Would you return exactly the lines from the top of the data below through the one containing "14K White Gold", leaving out the pictures?

##### Available data

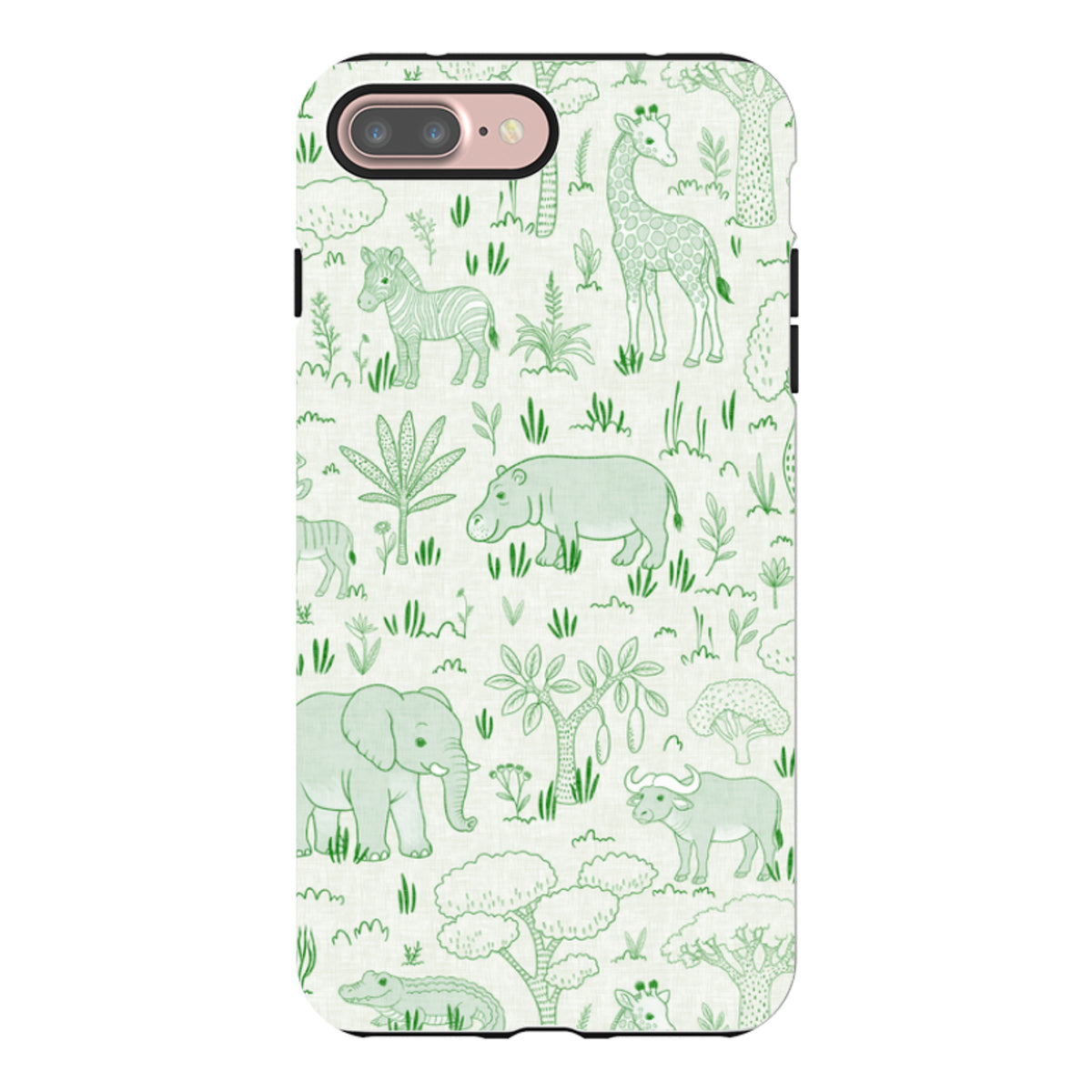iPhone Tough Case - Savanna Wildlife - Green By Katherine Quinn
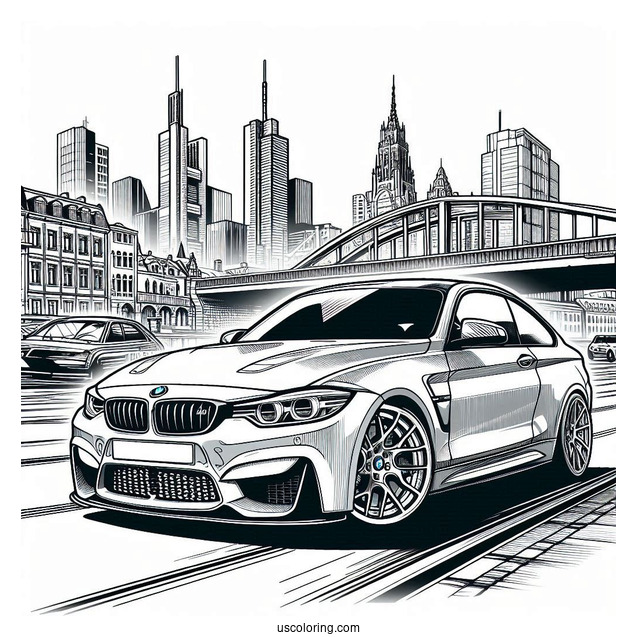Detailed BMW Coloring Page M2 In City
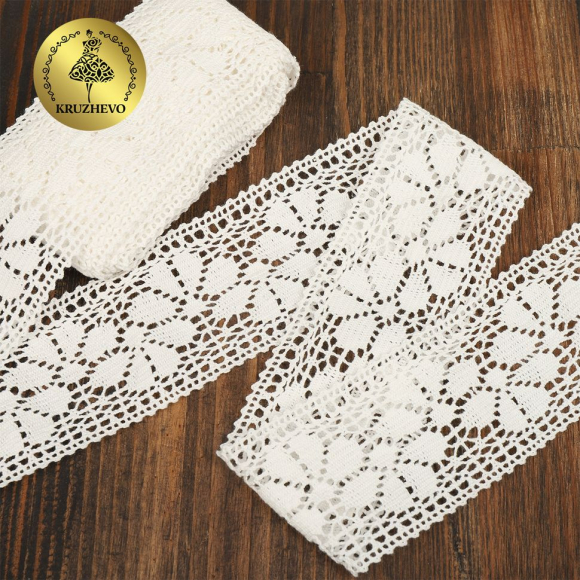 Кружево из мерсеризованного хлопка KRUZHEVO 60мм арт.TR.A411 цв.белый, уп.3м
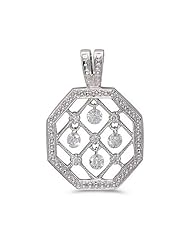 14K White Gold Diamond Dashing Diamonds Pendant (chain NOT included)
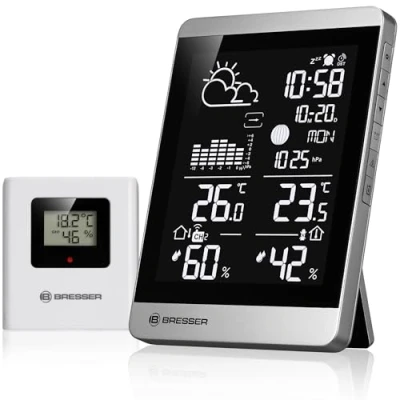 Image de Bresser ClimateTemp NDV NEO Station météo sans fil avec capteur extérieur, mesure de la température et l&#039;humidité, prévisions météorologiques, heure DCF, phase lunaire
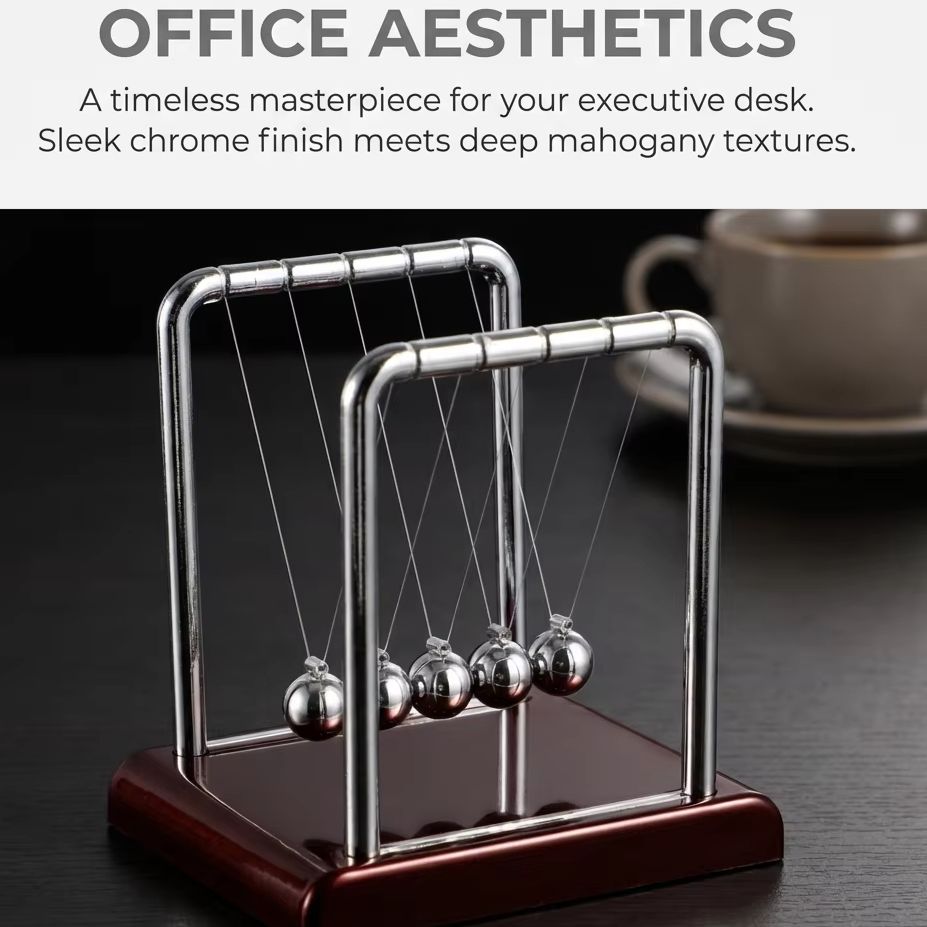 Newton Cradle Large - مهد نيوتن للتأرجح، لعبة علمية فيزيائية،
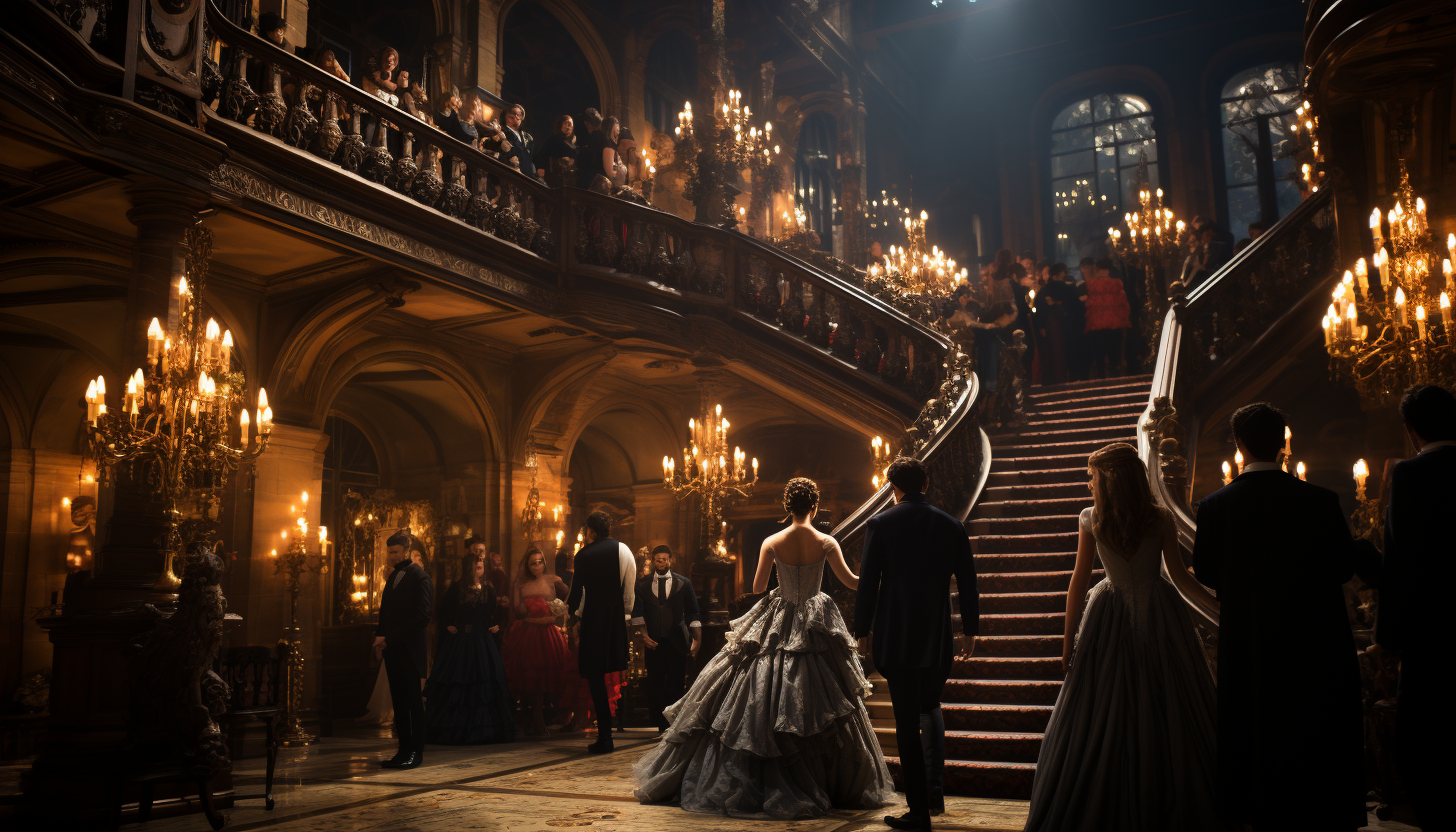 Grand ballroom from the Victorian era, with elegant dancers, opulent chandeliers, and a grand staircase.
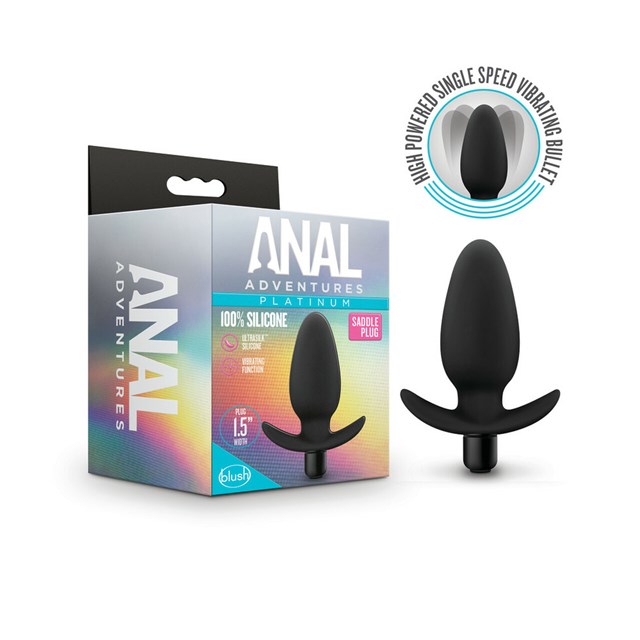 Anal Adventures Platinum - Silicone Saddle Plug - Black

##########

* _Task solution_
iPhone Tough Case - Savanna Wildlife - Green By Katherine Quinn
Detailed BMW Coloring Page M2 In City
 Кружево из мерсеризованного хлопка KRUZHEVO 60мм арт.TR.A411 цв.белый, уп.3м
 14K White Gold Diamond Dashing Diamonds Pendant (chain NOT included)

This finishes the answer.